# Task to carry out
Write the data out again exactly, with no pictures.

# Supplied data

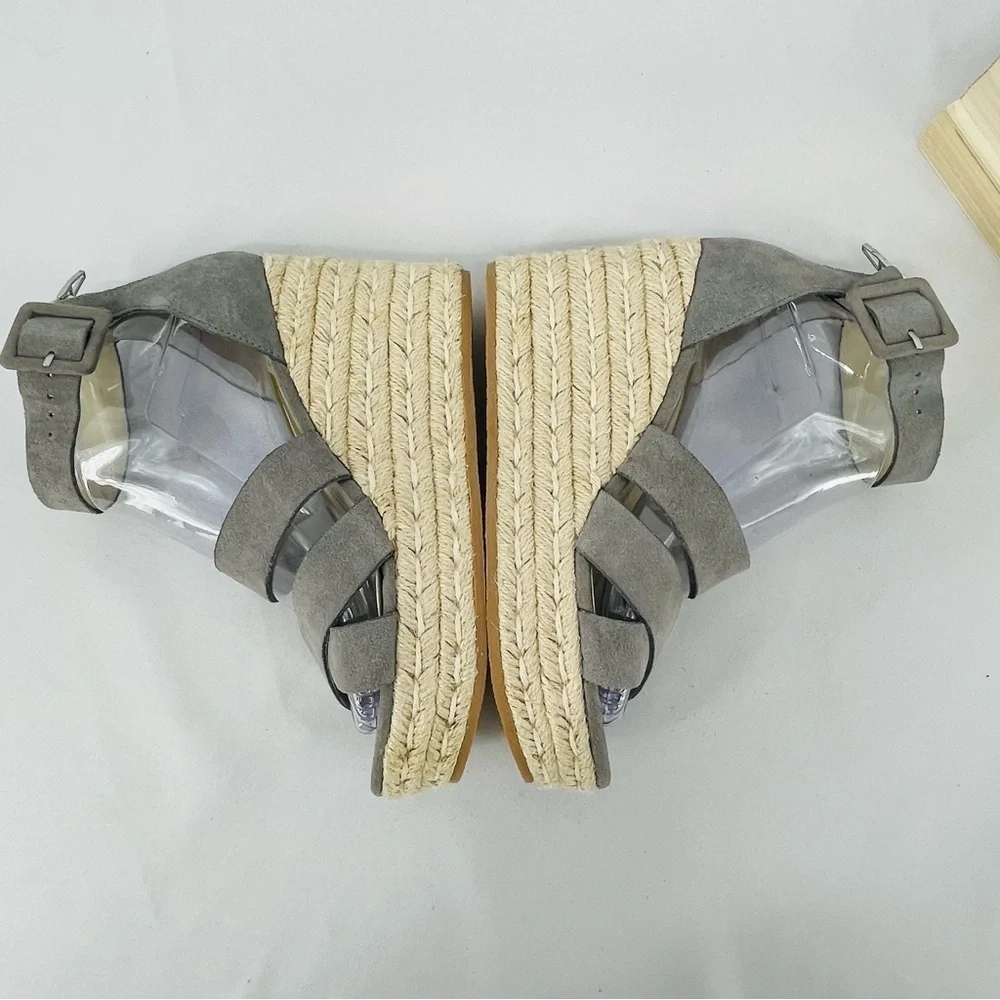 Dolce Vita Suede Creamy Grey Rope Platform Espadrille Wedge Sandals - Sz 7.5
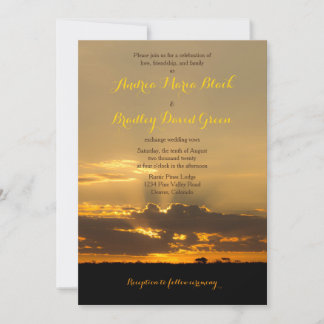 Invitation Sunset Namibie Afrique Mariage paysage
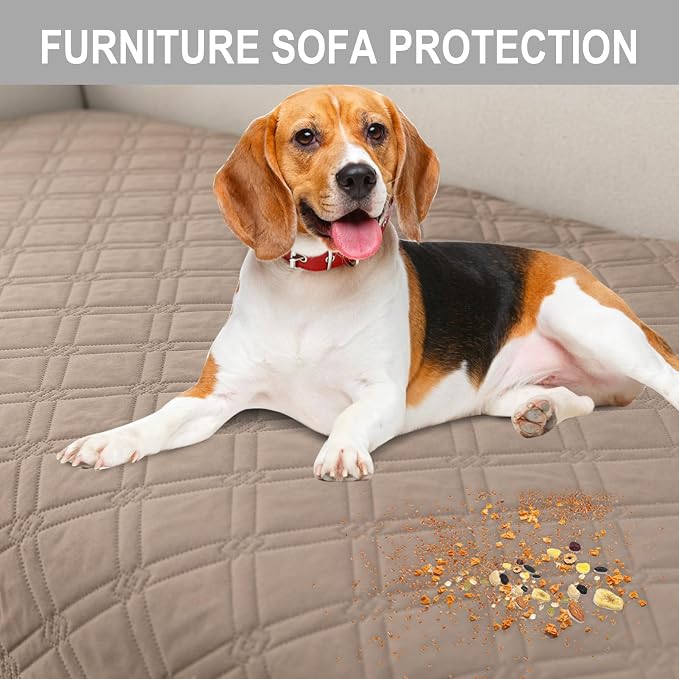Genina L Shape Couch Cover, Sectional Couch Chaise Covers, Waterproof Washable Sofa Covers for Right L Shape Chaise Lounge, Anti-Slip Sofa Slipcovers for Dogs Cats Pet Friendly(Taupe) - Image 5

# Reply to the exercise
 Dolce Vita Suede Creamy Grey Rope Platform Espadrille Wedge Sandals - Sz 7.5
 Invitation Sunset Namibie Afrique Mariage paysage
Genina L Shape Couch Cover, Sectional Couch Chaise Covers, Waterproof Washable Sofa Covers for Right L Shape Chaise Lounge, Anti-Slip Sofa Slipcovers for Dogs Cats Pet Friendly(Taupe) - Image 5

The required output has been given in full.